The employees sought to make service on the Hong Kong companies by way of the Hong Kong central authority under the Hague Service Convention. The bailiff’s affidavit stated that the address where he served the documents “was operating (sic) by two companies named Manley Toys Limited and Toy Quest Limited, of which a female staff member, Ms. Lo Ming informed me that the aforesaid address was the registered office of the said party for service.” Looks good! But the two Hong companies moved to quash the service on the grounds that they had no employe or agent named Lo Ming (as far as the decision reveals, they did not claim that service had been made at the wrong address). The trial judge granted the motion, citing a similar decision from the US District Court for the Southern District of Iowa in another case involving the same defendants (but not, apparently, involving the same plaintiffs). I believe that the federal decision at issue was this decision in Rennenger v. Manley Toy Direct LLC (S.D. Iowa 2013), which also featured the mysterious Lo Ming. The employees then sought to make service on the Hong Kong companies’ US counsel under Iowa Rule of Civil Procedure 1.305(14). The trial judge agreed, and the Hong Kong companies took an interlocutory appeal.
The actual issue in the case is very simple, and the court decided it correctly. The defendants claimed that the service violated the Hague Service Convention, which in their view required the documents to be transmitted abroad for service of process. But as we know from the Volkswagen case, the Convention is exclusive but not mandatory. That is, it applies whenever a document is transmitted abroad for service, but it does not determine when a document must be transmitted abroad for service. The law of the forum does that.

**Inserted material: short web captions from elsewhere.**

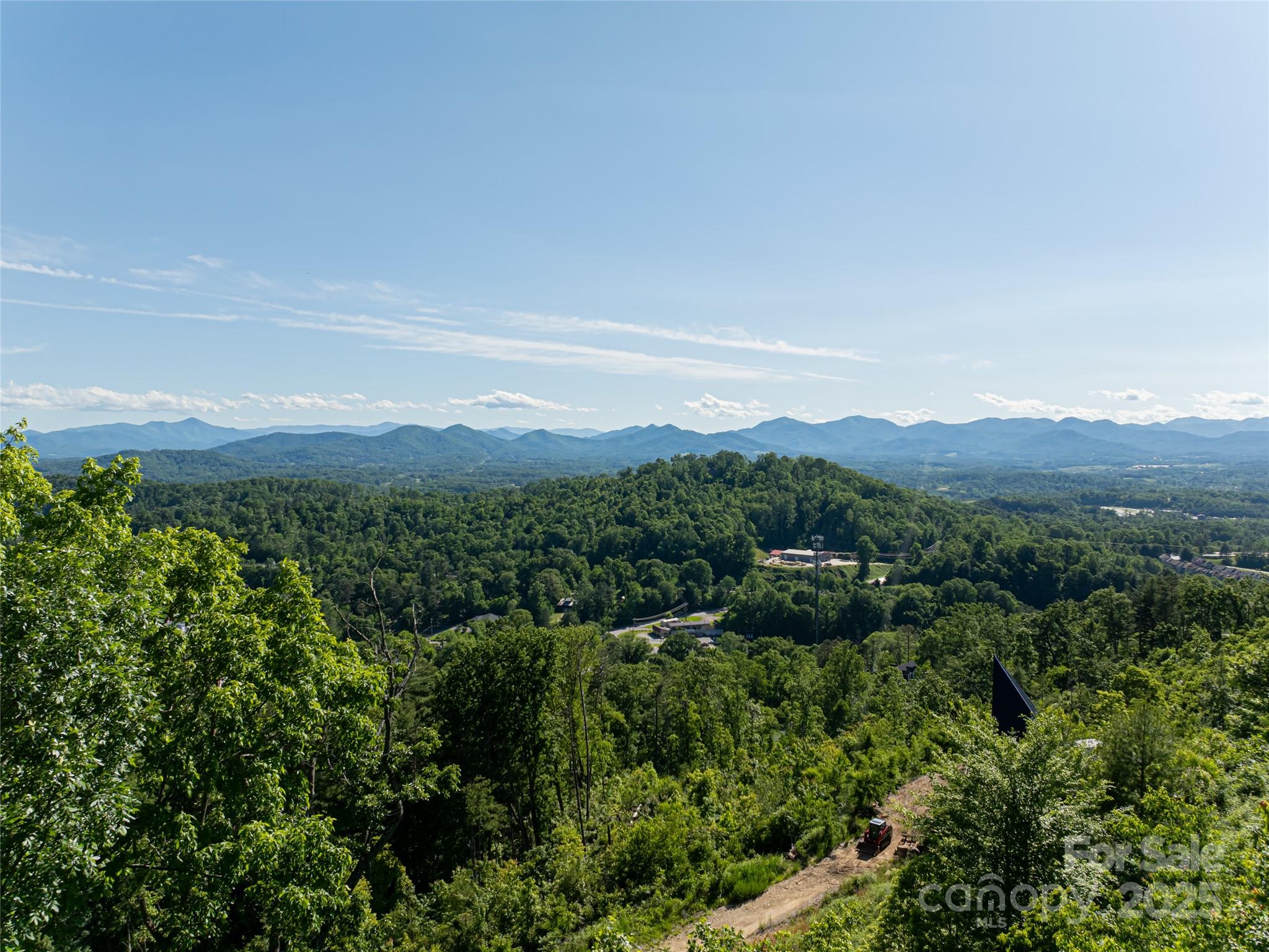 151 Serenity Ridge Trail Asheville, NC 28804 - Photo 8 of 16 a view of a green field with lots of bushes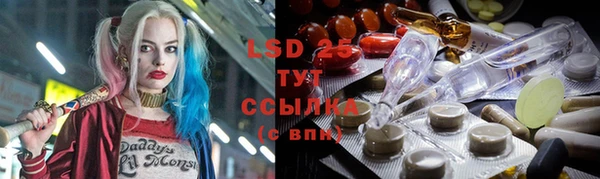 spice Инта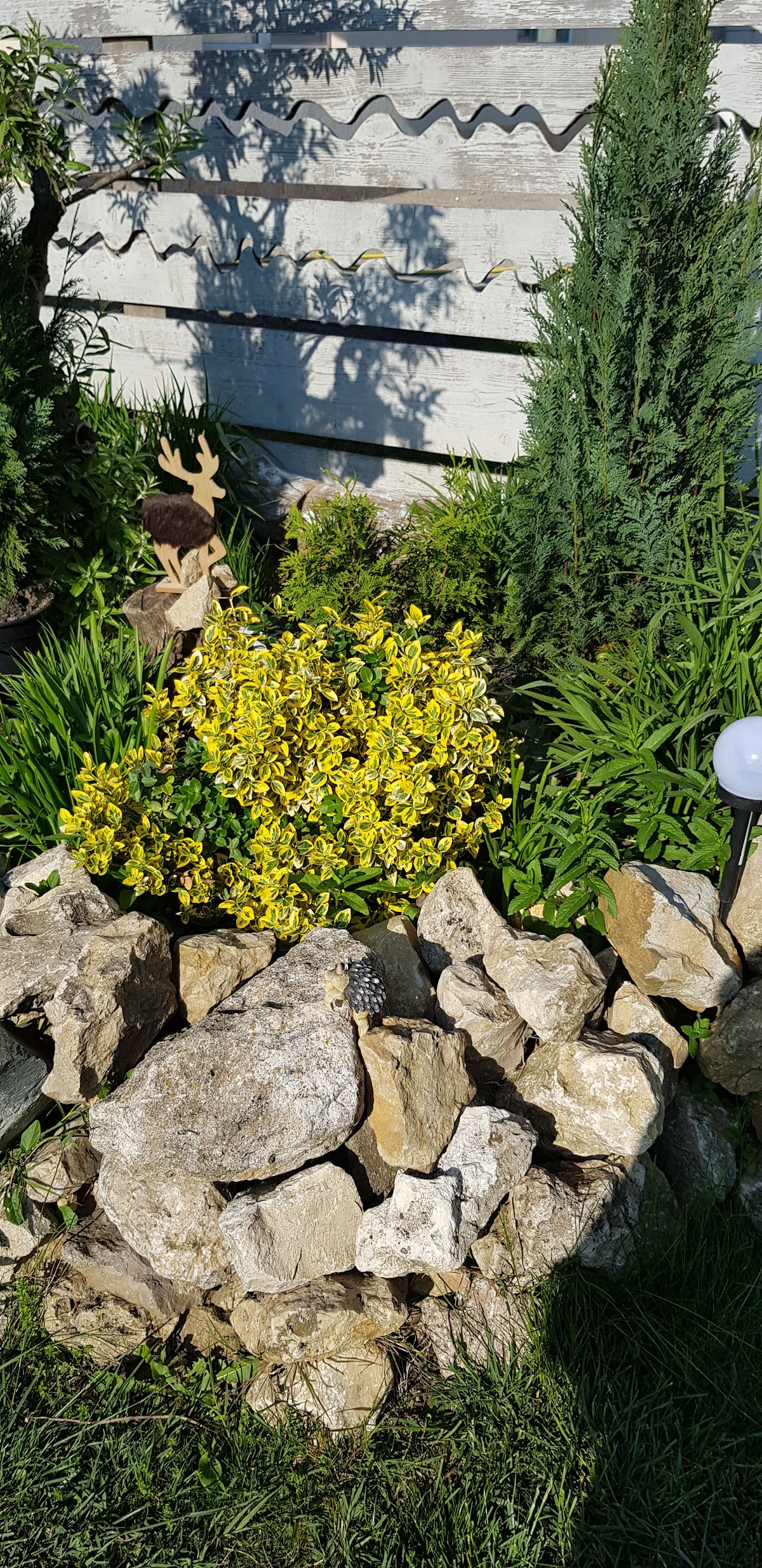 Parc Valu lui Traian - foto 4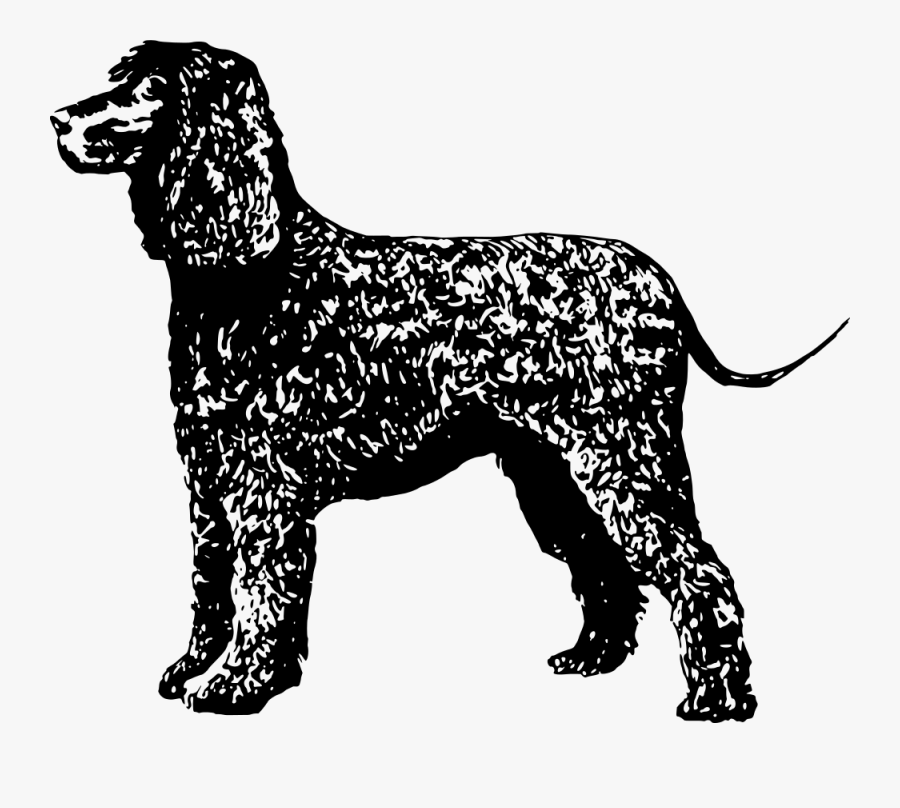 Conformation Show,carnivoran,paw - Irish Water Spaniel Vector, Transparent Clipart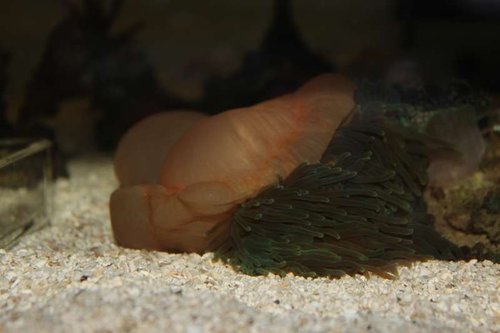 anemone.jpg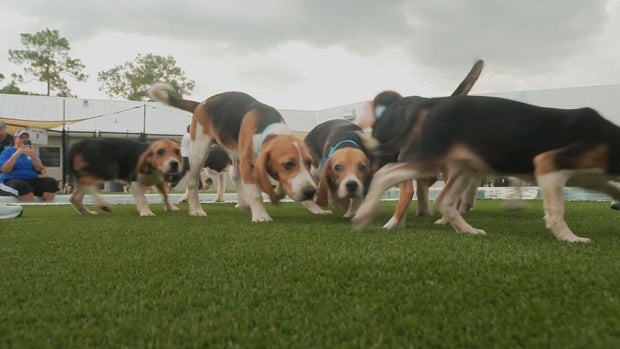 rescued-beagles-yamaguchi-frame-5565.jpg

Indeed, service on a foreign entity by serving the entity’s US lawyers may be even more clearly correct under the law of Iowa than under federal procedural law. It seems that the relevant Iowa rule of civil procedure applies whenever service cannot be made by another means, whereas there is an argument to be made that FRCP 4(f)(3), the rule that federal courts point to when authorizing this method of service, does not permit such service, because FRCP 4(f) applies only to service “at a place not within any judicial district of the United States.”
So the result of the case is clearly correct. I want to draw attention to a point the appellate court wasn’t called on to decide, namely whether the trial court should so easily have quashed the first attempt at service. As we know, a certificate of service under Article 6 of the Convention establishes the fact of the service at least prima facie. (I assume there was an Article 6 certificate here, though the opinion isn’t really clear on that point). Even assuming everything the Hong Kong entities said was true, it’s not clear, to me anyway, that the service was insufficient under Chinese law. The whole point of the Article 6 certificate is to relieve the court hearing the case from having to decide on the sufficiency of service under the foreign law once the foreign central authority certifies that service has been made. Another point, maybe a smaller one: to the extent the Iowa court was giving some sort of preclusive effect to the earlier federal decision, was it right to do so, given that the plaintiffs in the Iowa case were not parties in the federal case and (it seems) not in privity with them?